-- What you need to do --
Reproduce exactly the lines of this material that begin at the line with "Lululemon women’s Ice" and end at the line with "Mercedes Benz G500", both included. Omit the pictures and everything else.

-- Records supplied --
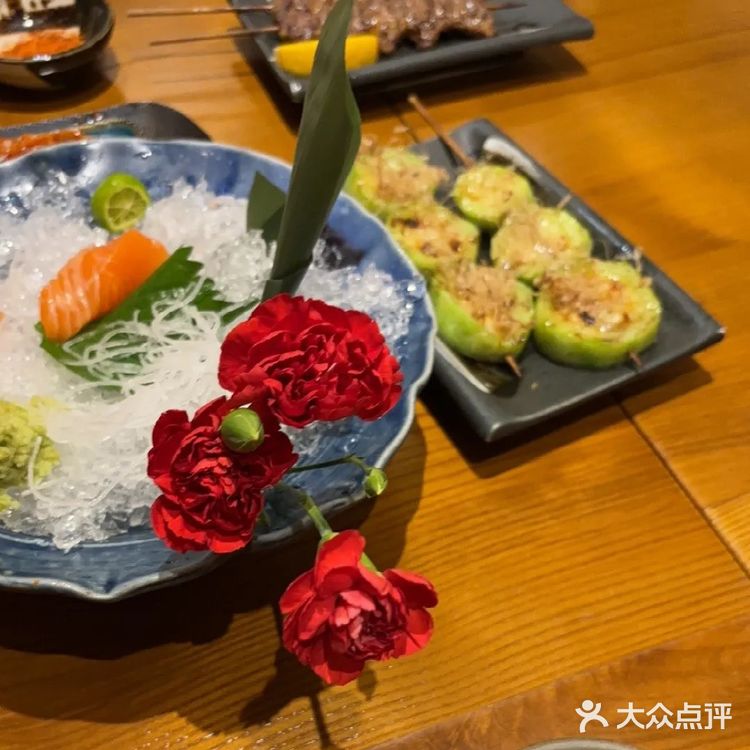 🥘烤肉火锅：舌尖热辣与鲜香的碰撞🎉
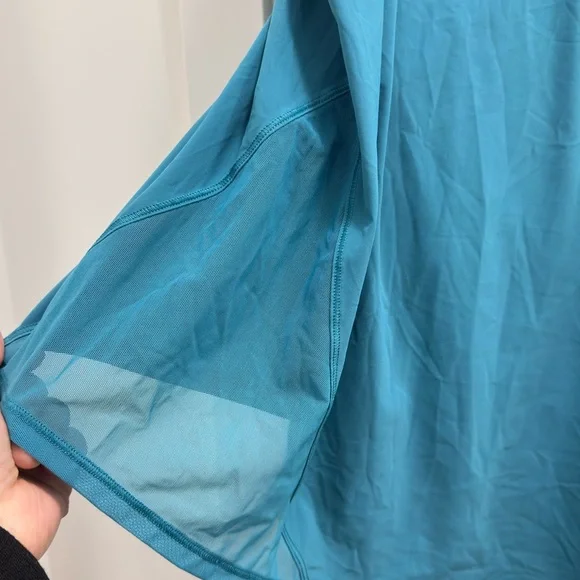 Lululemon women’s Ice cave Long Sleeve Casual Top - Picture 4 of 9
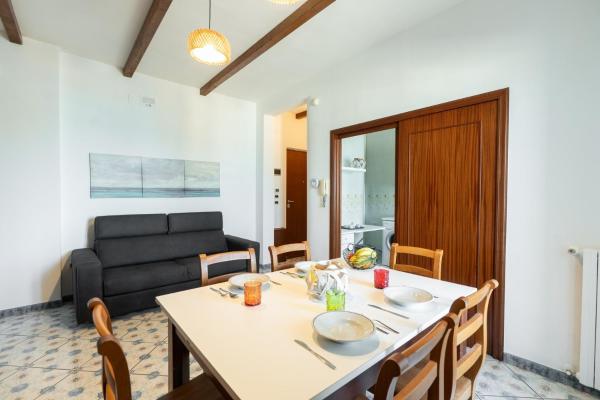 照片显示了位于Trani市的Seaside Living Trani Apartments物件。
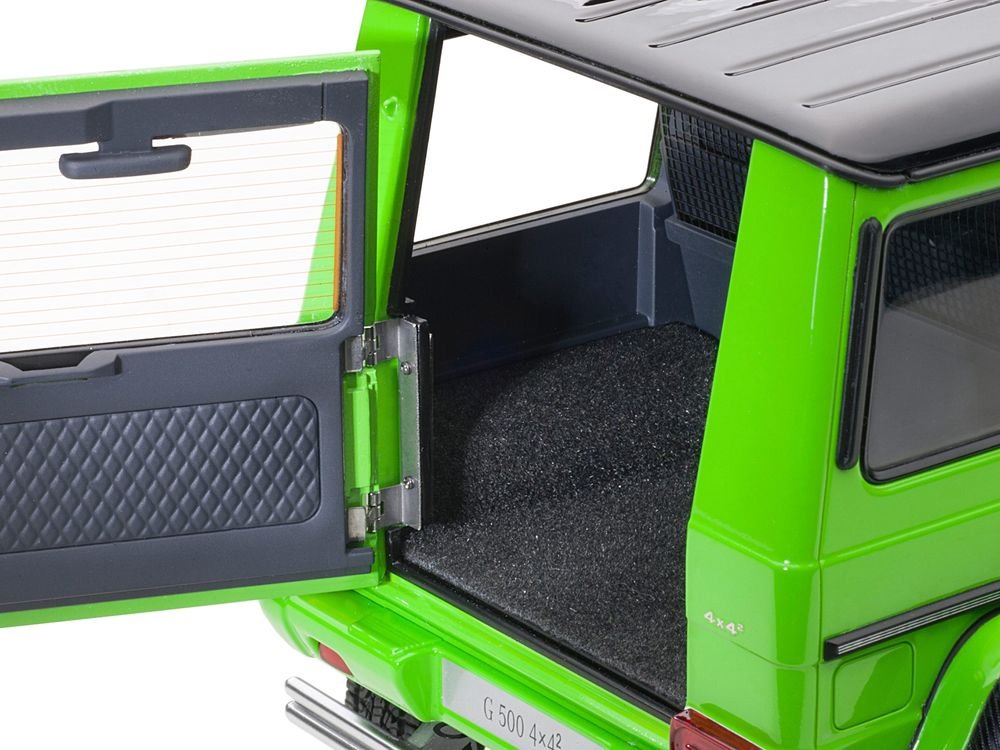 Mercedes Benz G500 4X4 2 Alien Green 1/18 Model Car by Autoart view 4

---

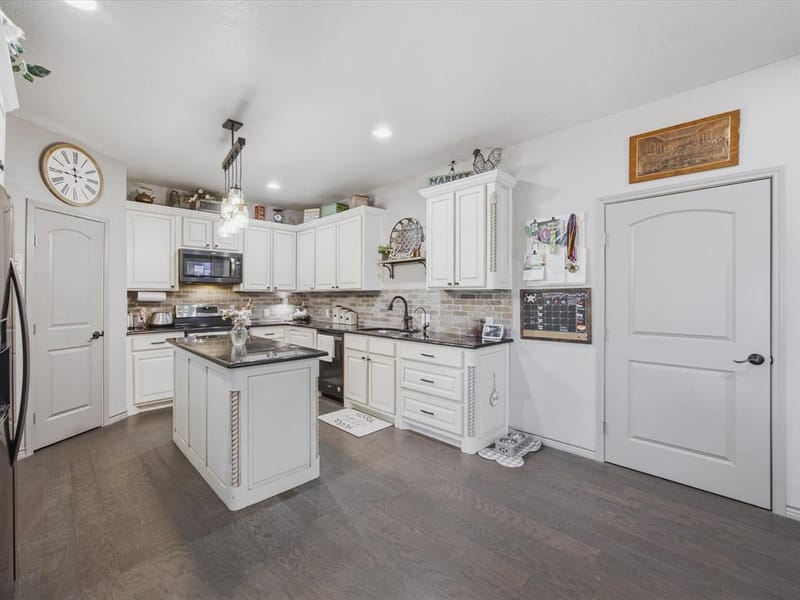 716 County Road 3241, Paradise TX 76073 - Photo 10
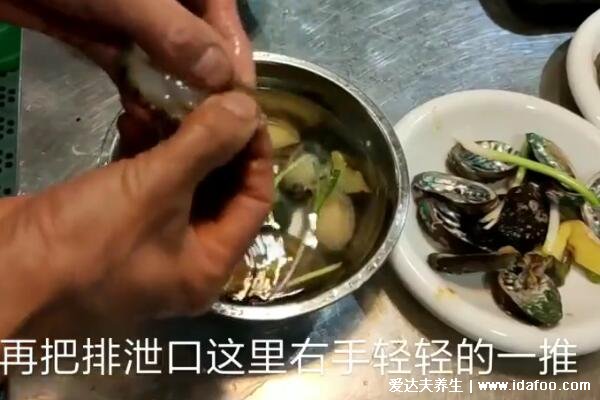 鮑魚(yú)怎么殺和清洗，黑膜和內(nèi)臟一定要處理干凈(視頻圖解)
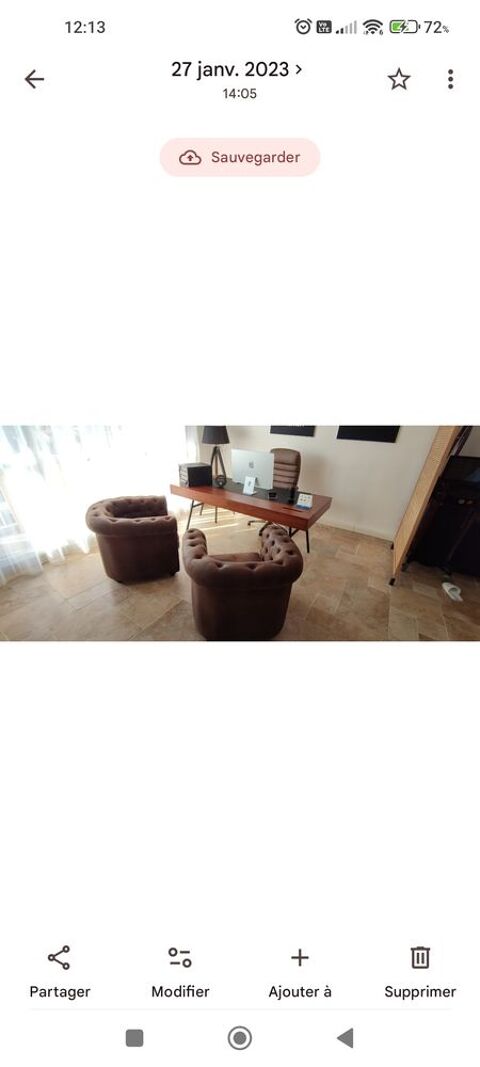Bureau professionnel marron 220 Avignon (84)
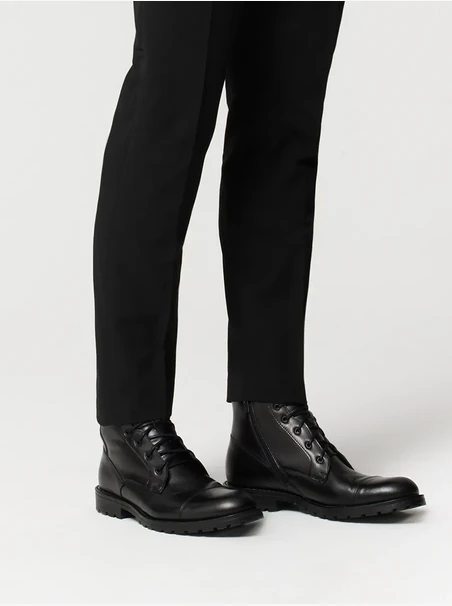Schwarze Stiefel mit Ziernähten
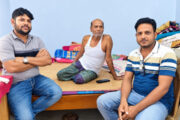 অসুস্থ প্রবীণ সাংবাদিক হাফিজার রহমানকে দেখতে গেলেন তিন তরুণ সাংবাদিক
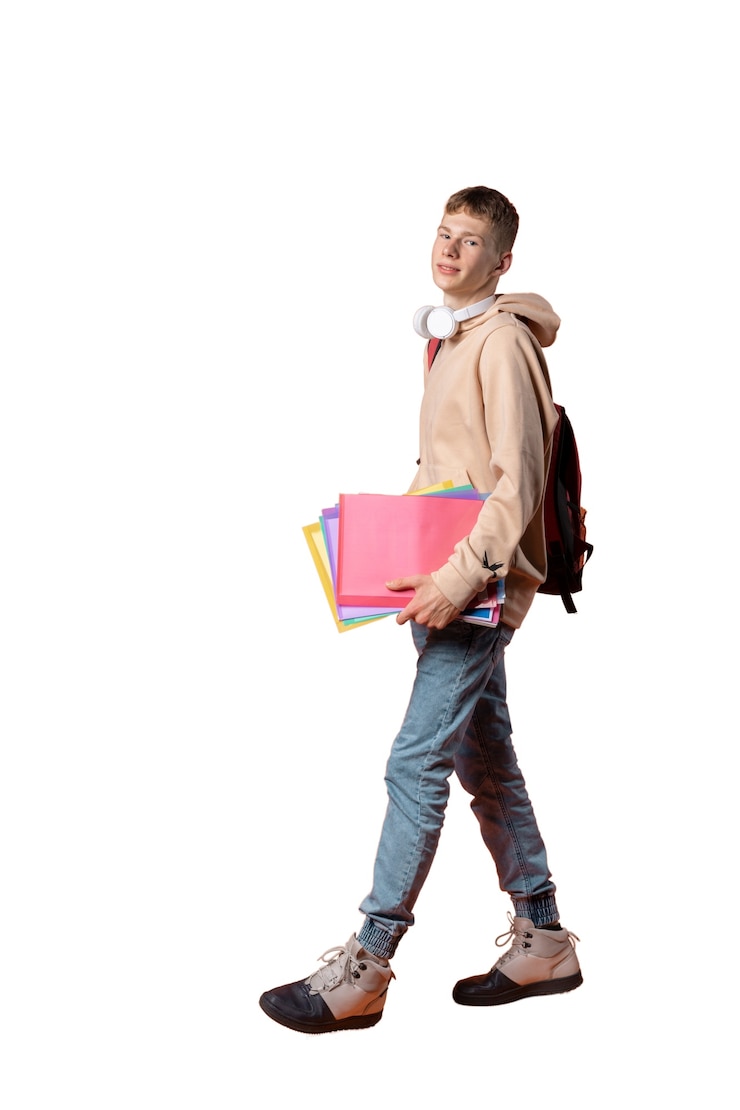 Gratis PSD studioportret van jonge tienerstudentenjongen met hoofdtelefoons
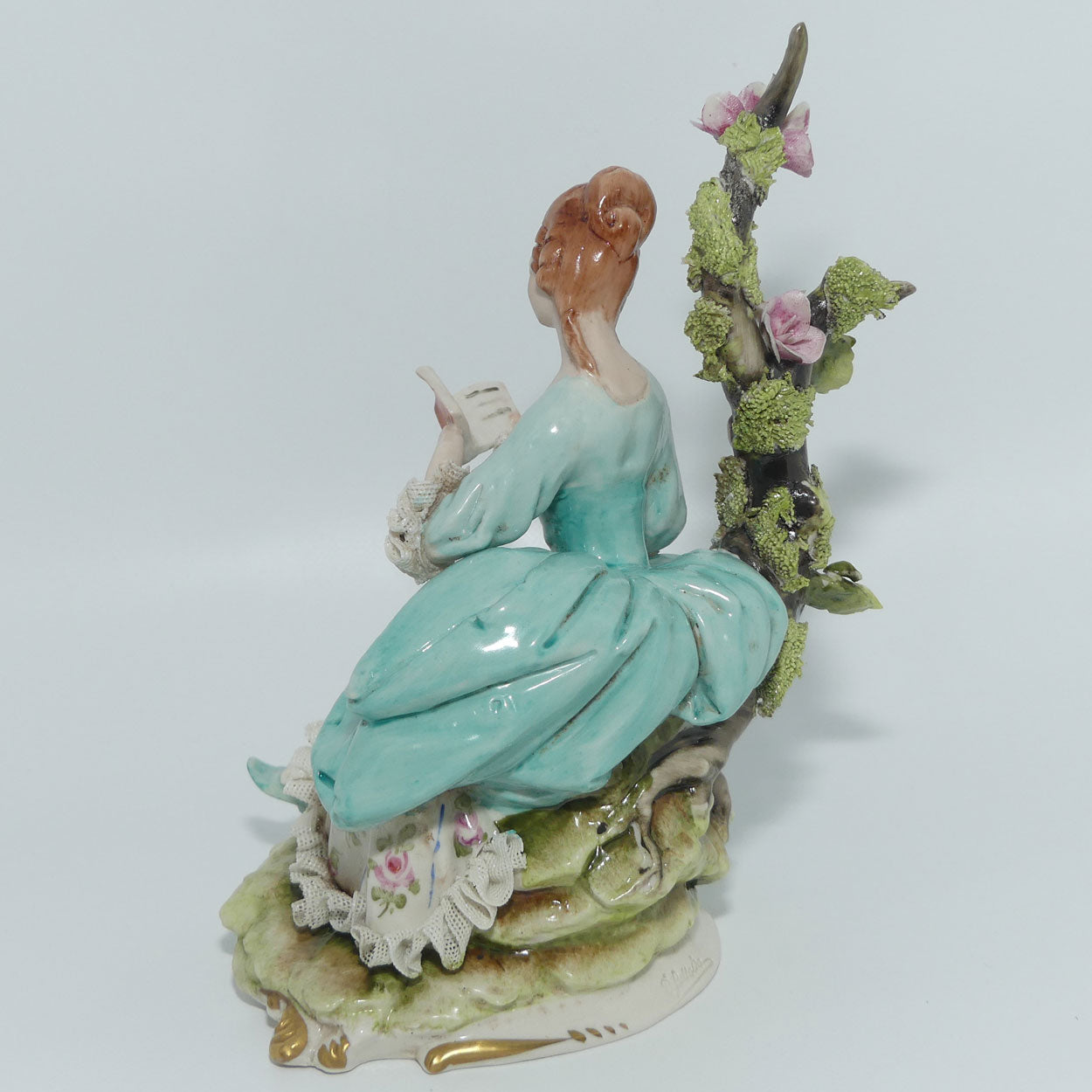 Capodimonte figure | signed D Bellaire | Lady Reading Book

-- Output below --
 Lululemon women’s Ice cave Long Sleeve Casual Top - Picture 4 of 9
 照片显示了位于Trani市的Seaside Living Trani Apartments物件。
 Mercedes Benz G500 4X4 2 Alien Green 1/18 Model Car by Autoart view 4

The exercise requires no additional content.